The Avengers, which brought the first phase of the Marvel Cinematic Universe project to a close, was a real movie in this Whedonesque sense. With Avengers: Age of Ultron, a creative tug-of-war erupted between Whedon and Marvel Studios (one Whedon later admitted “broke” him) over the studio’s insistence on using the film to set the stage for the next phase, like a TV episode.
The fact is, every MCU movie to date that isn’t an origin story (for a hero or a team) has had a distinct extended second-act feel, like episodes in a series orchestrated by power producer Kevin Feige, the big-screen equivalent of a showrunner.
This includes the more celebrated installments like the Captain America sequels as well as introductory non-origin stories like Spider-Man: Homecoming and Black Panther. Even the origin stories aren’t automatically immune: Guardians of the Galaxy and Doctor Strange meet Whedon’s standard, but Ant-Man doesn’t.
Fans might ask whether this is necessarily a bad thing. Who says Whedon’s theory is the only way? There have been big-screen cliffhangers before, from The Empire Strikes Back to Peter Jackson’s Lord of the Rings trilogy. Anyway, television is better than movies these days; perhaps movies can or ought to adapt?
I don’t think so, no. Not like this, anyway.
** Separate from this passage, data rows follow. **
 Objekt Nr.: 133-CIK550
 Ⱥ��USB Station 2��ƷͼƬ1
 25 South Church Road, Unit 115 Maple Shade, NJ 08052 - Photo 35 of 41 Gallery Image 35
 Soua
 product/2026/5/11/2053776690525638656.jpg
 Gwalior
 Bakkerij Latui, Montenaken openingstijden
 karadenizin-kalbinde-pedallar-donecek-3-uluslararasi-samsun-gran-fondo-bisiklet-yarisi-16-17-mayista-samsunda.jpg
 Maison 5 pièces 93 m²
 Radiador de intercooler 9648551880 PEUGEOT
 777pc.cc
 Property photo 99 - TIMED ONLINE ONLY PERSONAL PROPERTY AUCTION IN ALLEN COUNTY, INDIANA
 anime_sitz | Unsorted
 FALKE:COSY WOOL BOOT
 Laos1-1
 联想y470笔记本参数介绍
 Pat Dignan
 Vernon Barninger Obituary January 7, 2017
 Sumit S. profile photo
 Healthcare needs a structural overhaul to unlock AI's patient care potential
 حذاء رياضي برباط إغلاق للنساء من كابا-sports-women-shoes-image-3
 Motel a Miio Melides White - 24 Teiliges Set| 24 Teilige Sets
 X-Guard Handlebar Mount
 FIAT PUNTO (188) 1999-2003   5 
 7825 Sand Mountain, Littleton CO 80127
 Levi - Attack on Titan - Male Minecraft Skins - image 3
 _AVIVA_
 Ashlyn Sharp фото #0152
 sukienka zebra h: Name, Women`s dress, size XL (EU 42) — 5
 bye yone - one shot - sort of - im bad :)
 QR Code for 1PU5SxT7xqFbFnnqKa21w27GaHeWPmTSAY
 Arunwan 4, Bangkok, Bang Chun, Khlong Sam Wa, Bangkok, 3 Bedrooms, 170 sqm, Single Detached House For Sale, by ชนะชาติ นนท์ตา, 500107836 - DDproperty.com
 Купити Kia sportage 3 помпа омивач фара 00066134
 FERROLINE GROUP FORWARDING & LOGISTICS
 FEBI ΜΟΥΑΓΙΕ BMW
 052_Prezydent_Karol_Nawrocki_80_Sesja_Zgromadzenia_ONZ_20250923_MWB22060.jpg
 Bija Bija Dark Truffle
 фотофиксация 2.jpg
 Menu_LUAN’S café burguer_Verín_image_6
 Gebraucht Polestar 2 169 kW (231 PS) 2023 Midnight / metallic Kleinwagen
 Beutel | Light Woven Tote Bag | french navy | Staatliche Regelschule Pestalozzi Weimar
Consider Avengers: Infinity War. Indeed, you must consider it, since it isn’t just the latest installment in the MCU, it is the MCU — as much of it as could possibly be compressed into a sprawling 160 minutes.
Picking up where Thor: Ragnarok and Black Panther left off, it mashes up the Guardians with Doctor Strange, Spider-Man and the remnants of the shattered Avengers left in the wake of Civil War.
What pulls all these sprawling properties into the same orbit is the MCU’s ultimate big bad: Thanos, a twisted, godlike being who looks not entirely unlike a lavender-dyed Dwayne Johnson, but with a tree stump where his chin should be.